В тонком и изящном стихотворном цикле «Девочки» Таи Лариной (Москва) каждая запись — это не время или место, а портрет, магический и конкретный.


Заключение

В конкурсных работах нас мало интересовало раскрытие темы, а скорее игра тематизации и проблематизации, намеренного и нечаянного (не-чаянного), традиционного и экспериментального (именно поэтому мы ожидали традиционных работ не меньше, чем экспериментальных — так оно и вышло), игра реакции и рефлексии — вторжение, смешение во всем.

Разделы «Иного глобуса» были не темами, а скорее записками, записями в дневнике, коробками с ярлыками. Невнятность или экстравагантность этих ярлыков вовсе не означала, что мы непременно хотели эксперимента и авангарда. Скорее наоборот, нам хотелось понять, при каких условиях экспериментальные и традиционные формы могли бы сосуществовать и взаимодействовать — не в качестве постмодернистской текстуры и переклички, но и не в ключе исторической преемственности или иерархии.

Помимо формальных задач искусство всегда сосредоточено на самых интимных, партикулярных, единичных, конкретных — и тем самым общечеловеческих — предметах. «Иной глобус» — это попытка нащупать или сконструировать эти точки соприкосновения, фокуса, приложения сил.
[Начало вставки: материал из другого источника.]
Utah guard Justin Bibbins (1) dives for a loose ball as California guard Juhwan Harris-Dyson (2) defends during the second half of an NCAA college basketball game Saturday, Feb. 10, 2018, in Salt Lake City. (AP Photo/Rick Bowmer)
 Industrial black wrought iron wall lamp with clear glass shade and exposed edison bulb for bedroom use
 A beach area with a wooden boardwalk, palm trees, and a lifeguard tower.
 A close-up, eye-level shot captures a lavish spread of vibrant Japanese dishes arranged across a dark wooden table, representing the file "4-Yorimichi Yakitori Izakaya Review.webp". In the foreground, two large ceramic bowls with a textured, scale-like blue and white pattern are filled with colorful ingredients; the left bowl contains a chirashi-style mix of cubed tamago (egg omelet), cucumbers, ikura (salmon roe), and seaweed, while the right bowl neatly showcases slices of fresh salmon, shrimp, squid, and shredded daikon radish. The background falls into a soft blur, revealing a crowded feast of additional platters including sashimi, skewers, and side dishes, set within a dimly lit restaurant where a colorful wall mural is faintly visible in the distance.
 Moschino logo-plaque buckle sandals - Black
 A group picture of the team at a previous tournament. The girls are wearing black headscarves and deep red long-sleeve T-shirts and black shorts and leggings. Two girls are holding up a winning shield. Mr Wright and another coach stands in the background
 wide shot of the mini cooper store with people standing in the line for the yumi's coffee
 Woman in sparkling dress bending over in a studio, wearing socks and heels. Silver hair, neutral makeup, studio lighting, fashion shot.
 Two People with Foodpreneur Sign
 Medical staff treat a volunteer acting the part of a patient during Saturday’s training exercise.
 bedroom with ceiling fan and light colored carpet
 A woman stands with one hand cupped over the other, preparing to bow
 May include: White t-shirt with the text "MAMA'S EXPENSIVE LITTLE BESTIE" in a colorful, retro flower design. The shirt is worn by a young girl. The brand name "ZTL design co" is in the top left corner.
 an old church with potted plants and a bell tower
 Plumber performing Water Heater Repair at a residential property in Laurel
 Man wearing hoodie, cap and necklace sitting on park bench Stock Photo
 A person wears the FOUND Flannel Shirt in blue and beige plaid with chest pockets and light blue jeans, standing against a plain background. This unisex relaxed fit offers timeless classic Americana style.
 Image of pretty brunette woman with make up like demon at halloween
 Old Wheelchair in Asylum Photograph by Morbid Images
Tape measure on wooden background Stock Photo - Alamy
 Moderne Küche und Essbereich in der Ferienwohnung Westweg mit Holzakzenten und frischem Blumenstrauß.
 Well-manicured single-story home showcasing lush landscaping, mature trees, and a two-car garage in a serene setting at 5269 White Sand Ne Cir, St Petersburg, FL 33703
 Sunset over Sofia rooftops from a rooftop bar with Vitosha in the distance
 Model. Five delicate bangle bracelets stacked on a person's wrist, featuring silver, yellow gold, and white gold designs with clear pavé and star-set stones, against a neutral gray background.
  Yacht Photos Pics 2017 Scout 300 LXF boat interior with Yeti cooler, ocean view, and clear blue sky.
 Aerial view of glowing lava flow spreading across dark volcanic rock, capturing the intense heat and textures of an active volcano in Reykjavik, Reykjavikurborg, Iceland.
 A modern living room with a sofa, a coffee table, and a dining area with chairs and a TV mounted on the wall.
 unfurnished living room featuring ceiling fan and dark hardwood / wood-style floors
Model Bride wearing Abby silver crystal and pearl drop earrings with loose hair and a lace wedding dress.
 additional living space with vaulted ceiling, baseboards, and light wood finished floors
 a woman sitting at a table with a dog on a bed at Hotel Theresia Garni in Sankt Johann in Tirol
Как в этом смысле взаимодействуют эксперимент и традиция? Возможно, следующая цитата из Джона Кэйджа содержит подсказку:

«Не надо бояться за будущее музыки.
Однако бесстрашие придет, лишь если на развилке путей, осознавая, что
звуки звучат, намеренно или нет, мы обратимся к тем из них, которые мы не
намеревались произвести.» [Cage]

Здесь он говорит о внимании к малому, незначительному, лишенному значения, фону — шуму. Преувеличивая, можно сказать, что литература устоявшегося канона и ее читатель часто воспринимает авангард как штукачество, бессмыслицу — шум. С другой стороны, традиционные формы для литературного экспериментатора становятся чем-то фоновым, неинтересным, лишенным яркого смысла, техническим, до известной степени механическим, то есть непроизвольным. Таким образом, утрируя, можно сказать, что «традиционное» и «экспериментальное» относятся друг к другу как к шуму — тому самому шуму, ненамеренному, неисчерпаемому, живому, к которому предлагает прислушаться Кэйдж. Тому самому шуму, к которому пытались прислушаться и мы.